Secondo un famoso adagio attribuito al filosofo medievale Bernardo di Chartres, «Siamo come nani sulle spalle di giganti, così che possiamo vedere più cose di loro e più lontane». L’immagine è affascinante. Paolo Di Stefano, da quest’anno direttore artistico degli Eventi Letterari Monte Verità, ha voluto partire proprio da qui per contraddistinguere la sua prima edizione, inaugurata in aprile.
«Ognuno ha i suoi Giganti, maestri del passato e del presente a cui si ispira e che lo ispirano», ha detto Di Stefano. «Stando seduti sulle loro spalle abbiamo la possibilità di vedere più lontano. Perché intitolare così gli Eventi letterari Monte Verità? Perché è un problema chiave il nostro rapporto con la tradizione, con i maestri e con i classici in un mondo che sembra volerne fare a meno per puntare tutto su un’innovazione senza cultura, senza criterio e senza spessore». L’importanza dei classici non è una questione che tocca solo la letteratura. Pensando alla scuola, che dovrebbe essere l’epicentro del nostro sistema educativo, non possiamo trascurare i maestri di oggi e di ieri, che hanno lasciato testimonianze ed esperienze irrinunciabili.

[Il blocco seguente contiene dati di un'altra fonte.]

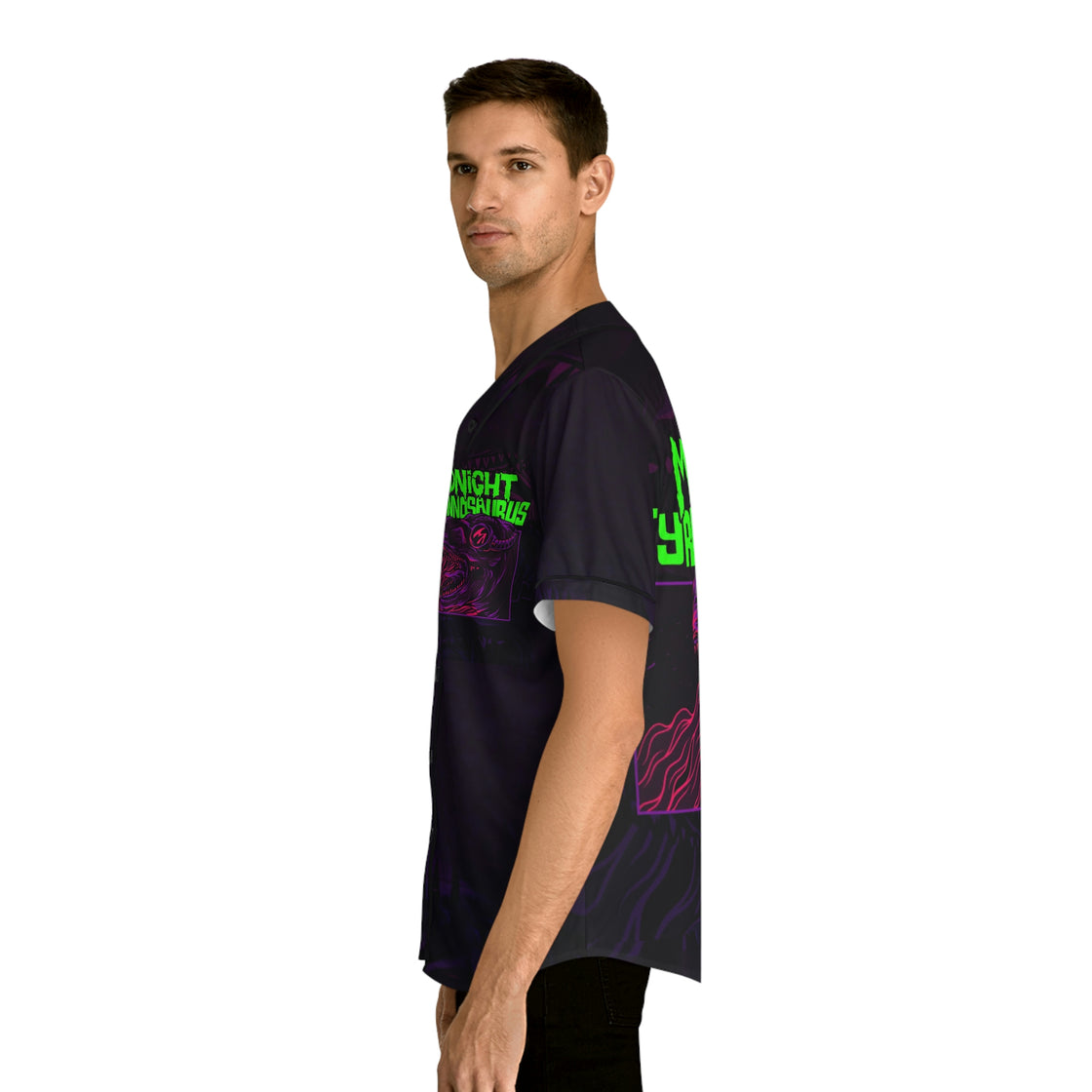 Midnight Tyrannosaurus Jersey EDM EDC Merch - EDMCLOTHINGSTORE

Prendiamo Aristotele. Nell’Etica a Nicomaco scrive che «le cose che bisogna avere appreso prima di farle, noi le apprendiamo facendole: per esempio, si diventa costruttori costruendo, e suonatori di cetra suonando la cetra». È il principio della scuola attiva. Poi aggiunge: «Così anche compiendo azioni giuste diventiamo giusti, azioni temperate temperanti, azioni coraggiose coraggiosi. Ne è conferma ciò che accade nelle città: i legislatori, infatti, rendono buoni i cittadini creando in loro determinate abitudini, e questo è il disegno di ogni legislatore, e coloro che non lo effettuano adeguatamente sono dei falliti; in questo differisce una costituzione buona da una cattiva».

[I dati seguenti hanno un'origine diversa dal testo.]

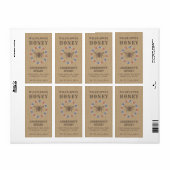  linnen bloemen honingpot label (Full Sheet)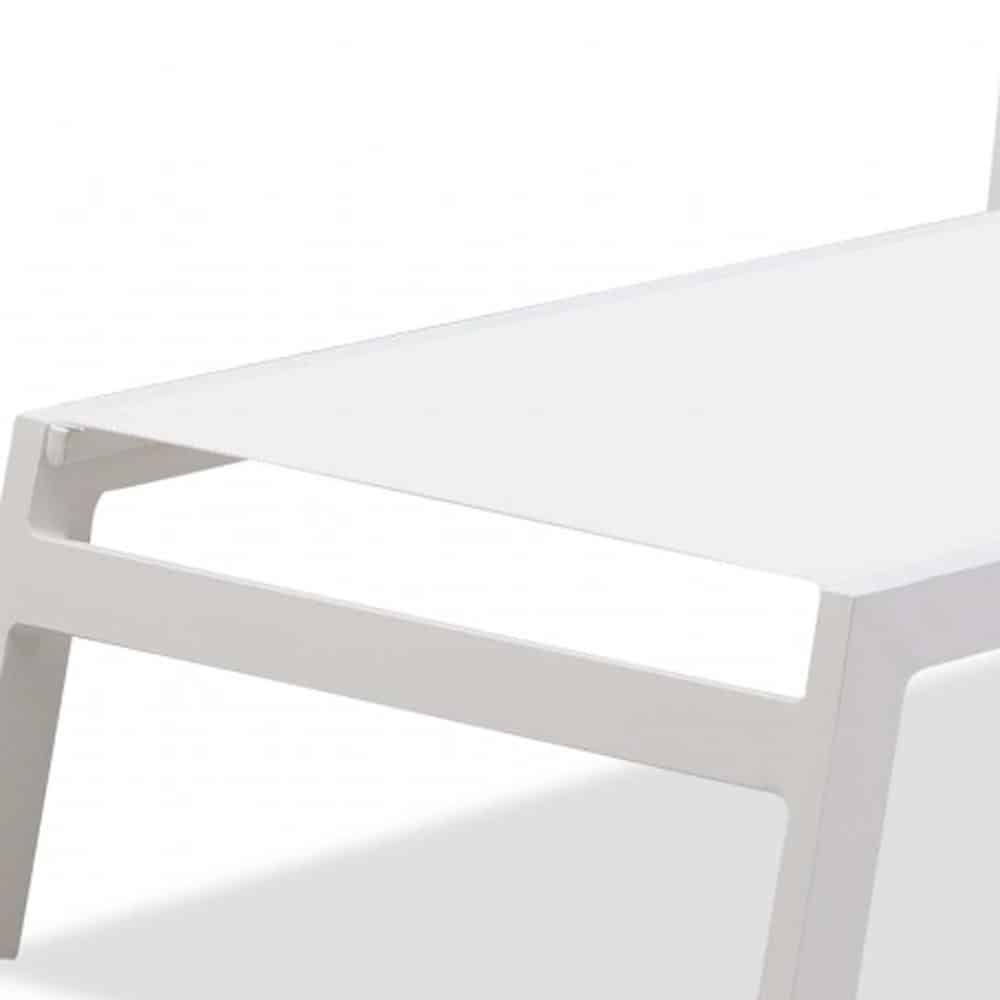 Set Of 2 White Modern Aluminum Chaise Lounges - Image 2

Siamo alla cosiddetta educazione alla cittadinanza, che non può essere ridotta a materia scolastica a sé stante: perché a questa stregua potremmo aggiungere altre discipline complesse, già in tenera età, come Imparare a camminare o a parlare, naturalmente con tanto di test, medie finali e promozione o bocciatura del prossimo compleanno.
Con un salto di duemila anni arriveremmo al padre della pedagogia moderna, Jean-Jacques Rousseau, che rafforzava l’idea di un ragazzo che, nel contempo, impara delle nozioni e viene educato a pensare con la propria testa: «Rendete il vostro allievo attento ai fenomeni della natura, e lo renderete ben presto curioso; ma, per alimentare la sua curiosità, non vi affrettate mai a soddisfarla. Ch’egli non sappia nulla perché glielo avete detto voi, ma perché l’ha compreso da sé. Se mai sostituirete nel suo spirito l’autorità alla ragione, egli non ragionerà più; non sarà più che il giocattolo dell’opinione degli altri».

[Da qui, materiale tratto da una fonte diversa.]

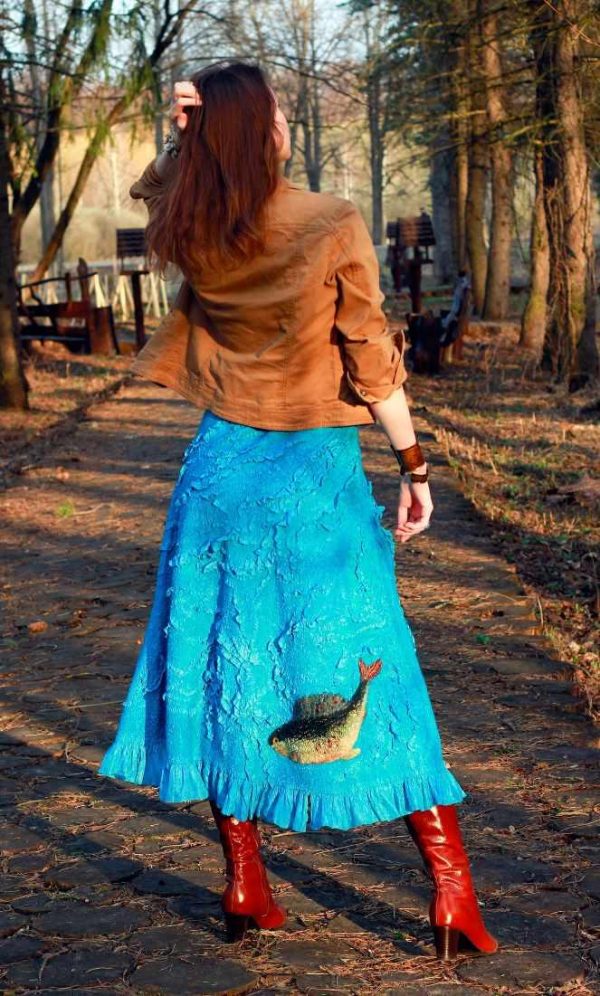 Юбка с хариусами [Татьяна Сапельникова]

Naturalmente dovremo ricordarci di altri giganti, come Johann Heinrich Pestalozzi, che a Stans accoglieva e educava gli orfani di guerra; o Janusz Korczak, che nel 1929 aveva dato alle stampe Il diritto del bambino al rispetto, e nel ’42 finì a Treblinka, coi suoi ragazzi del ghetto di Varsavia.
La storia della scuola e delle idee pedagogiche – cioè delle utopie di taluni e delle pratiche di altri – è un patrimonio di esperienze e di ideali che dovrebbe conoscere chiunque vuol impegnarsi per migliorare ogni giorno la scuola di tutti, così da scongiurare riforme «senza cultura, senza criterio e senza spessore».